Kultureller Postkolonialismus in Zeiten der „soft power“

Die Bundeszentrale für politische Bildung (bpb) beschreibt den Begriff „soft power“ [engl.: »weiche Macht«] als eine besondere Form der Machtausübung von Staaten und politischen Akteuren über andere Staaten und Gesellschaften. Zu den Mitteln der „soft power“ zählen, im Unterschied zur „hard power“ [engl. »harte Macht«] mit militärischen Ressourcen, die Vorbildfunktion, Attraktivität und die Vermittlung eigener Normen und Werte. Dabei ist das Spektrum sehr weit gefasst: es reicht von der Anziehungskraft des »American Way of Life« bis zu westlichen Werten wie Demokratie und Menschenrechte, die als Maßstab und Vorbild dienen und zu einer nicht militärischen Konfliktlösung in internationalen Beziehungen beitragen.

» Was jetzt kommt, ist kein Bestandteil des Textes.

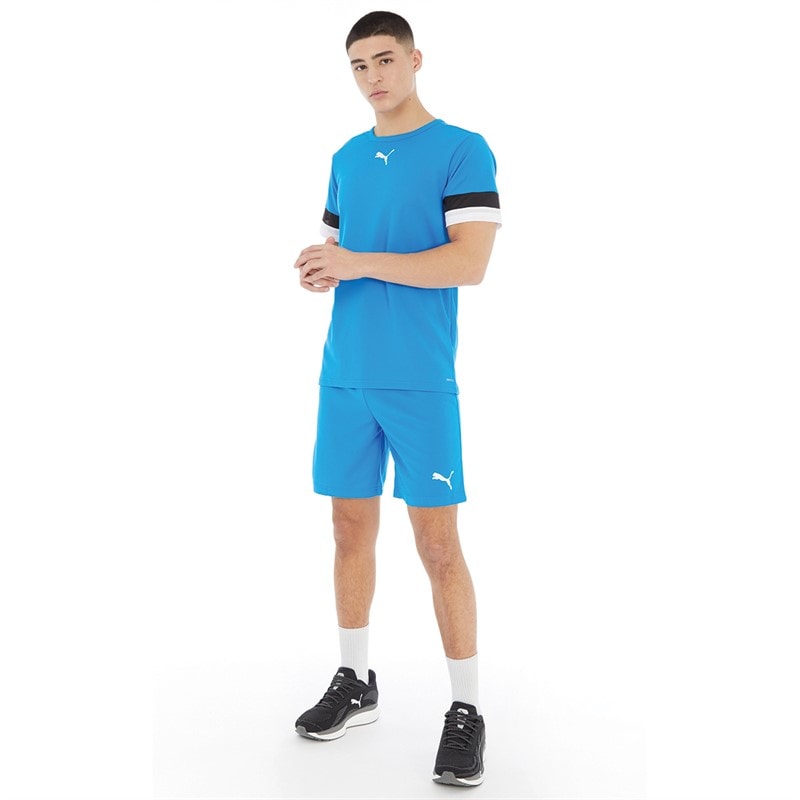 Puma Mens teamRISE Training Jersey Electric Blue Lemonade/Puma Black/Puma White - Image 3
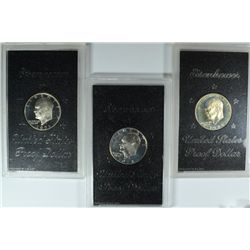 (3) BROWN IKE DOLLARS (71, 73, 74) 40% SILVER MISSING PACKAGING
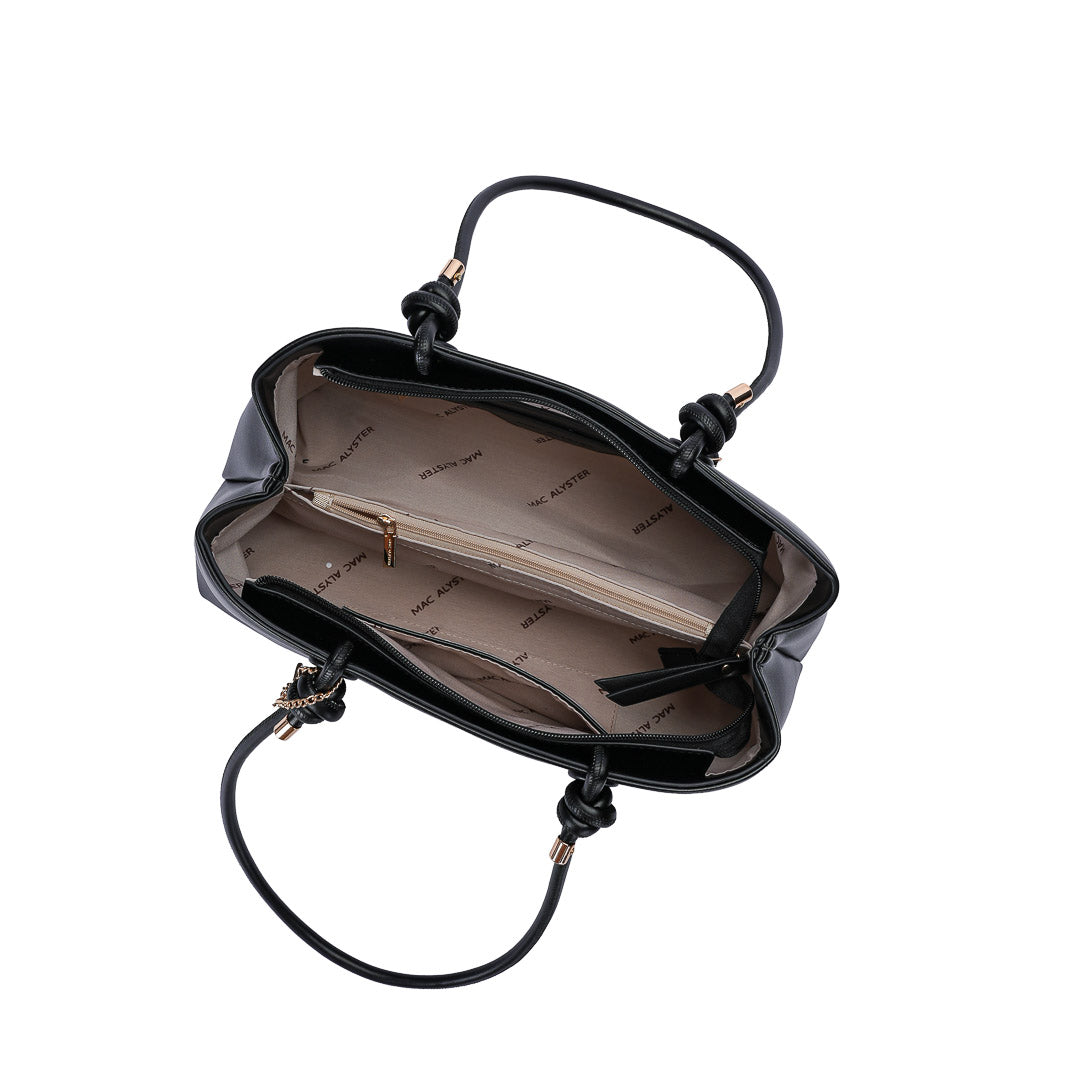 MAC ALYSTER MANDORA sac shopping allongé chocolat pailleté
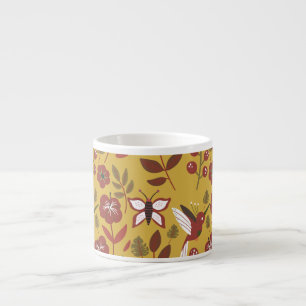 Tasse Expresso Fleurs motifs florales sans soudure, papillon, rou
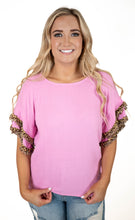 Pink Ruffle Sleeve Leopard Top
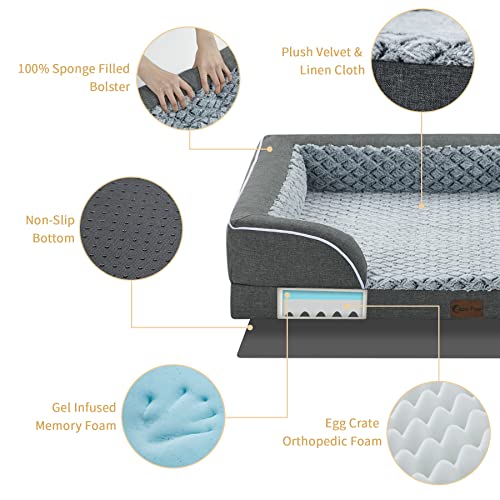 Waterproof Orthopedic Dog Bed for Large Dogs (Dark Grey / 36.0"L x 27.0"W x 8.0"Th)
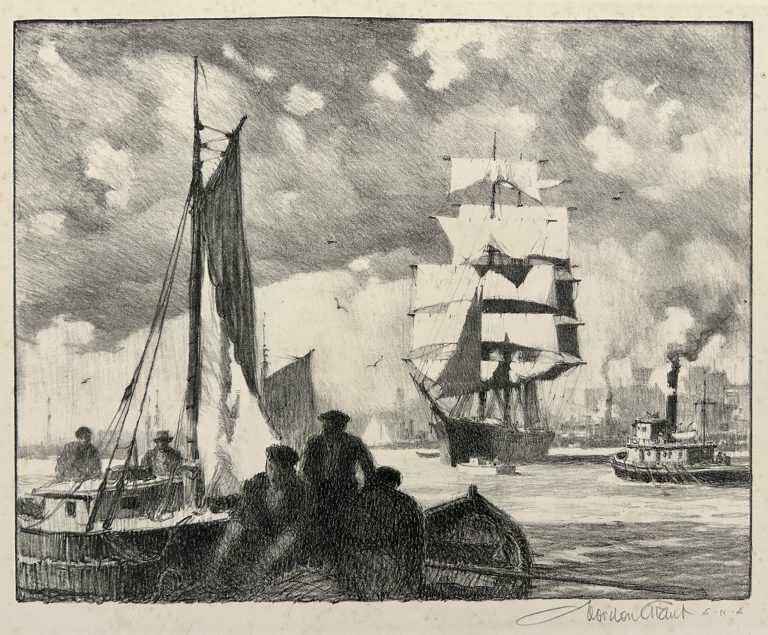 Print by Gordon Grant: Harbor Traffic, available at Childs Gallery, Boston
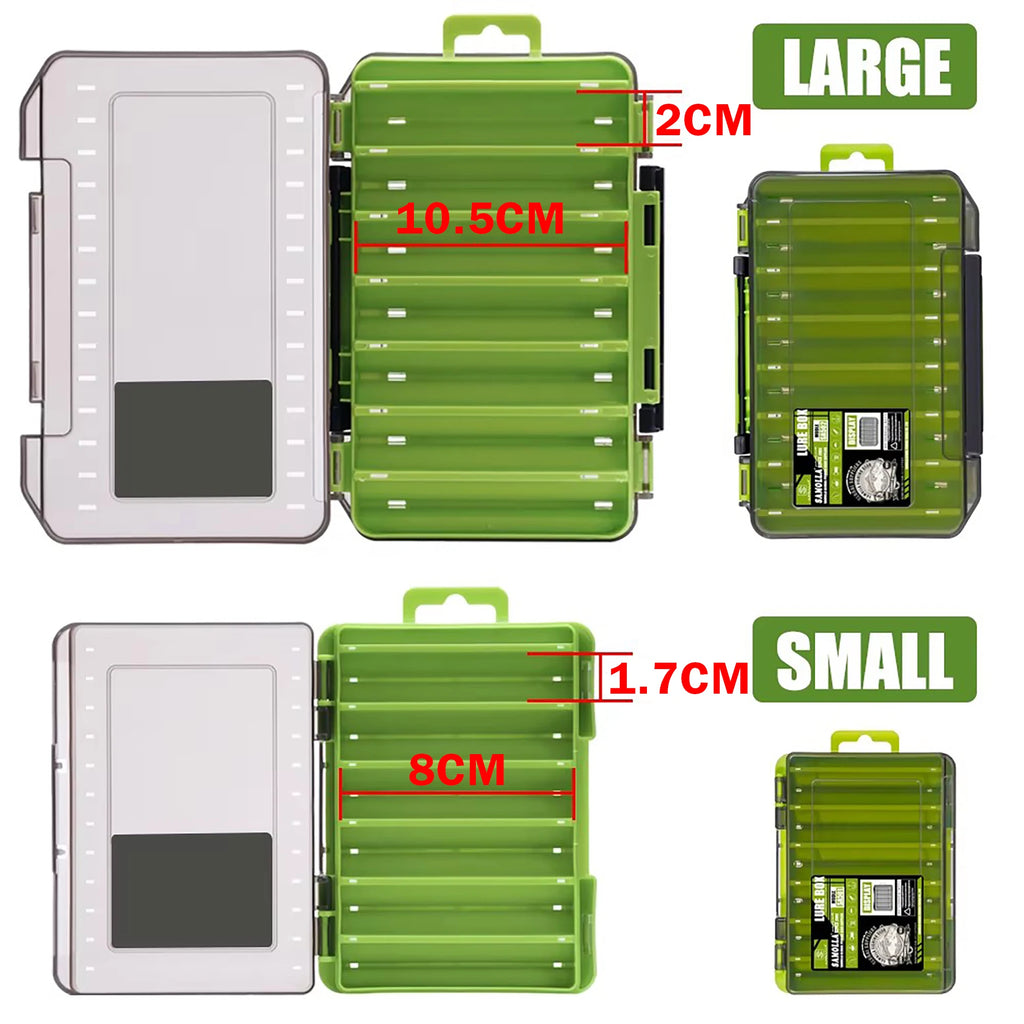 LUXE LINE Fishing Tackle Box – 14-Compartment Double-Sided Lure & Hook Organizer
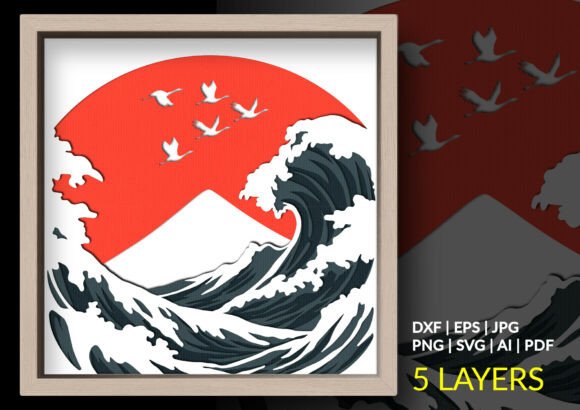 Bring the Power and Elegance of Japanese Art into Your Home with The Great Wave Cranes Shadow Box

Geprägt wurde der Begriff in den späten 1980er Jahren vom US-amerikanischen Politikwissenschaftler Joseph S. Nye Jr.

Zu Postkolonialismus schreibt die bpb, dass viele der Aspekte aus dem Kolonialismus nicht zuletzt dank der Anregungen der Postcolonial Studies ins Zentrum der Kolonialgeschichtsschreibung gerückt sind. Diese Forschungsrichtung entstand in den 1980er Jahren, meist unter Bezug auf das Buch Orientalismus von Edward Said. Die Perspektive ist jedoch älter, und bereits bei Mahatma Gandhi, Frantz Fanon oder Aimé Césaire in der Nachkriegszeit finden sich Positionen, die eine ähnlich gelagerte Kritik am kolonialen Diskurs formuliert haben.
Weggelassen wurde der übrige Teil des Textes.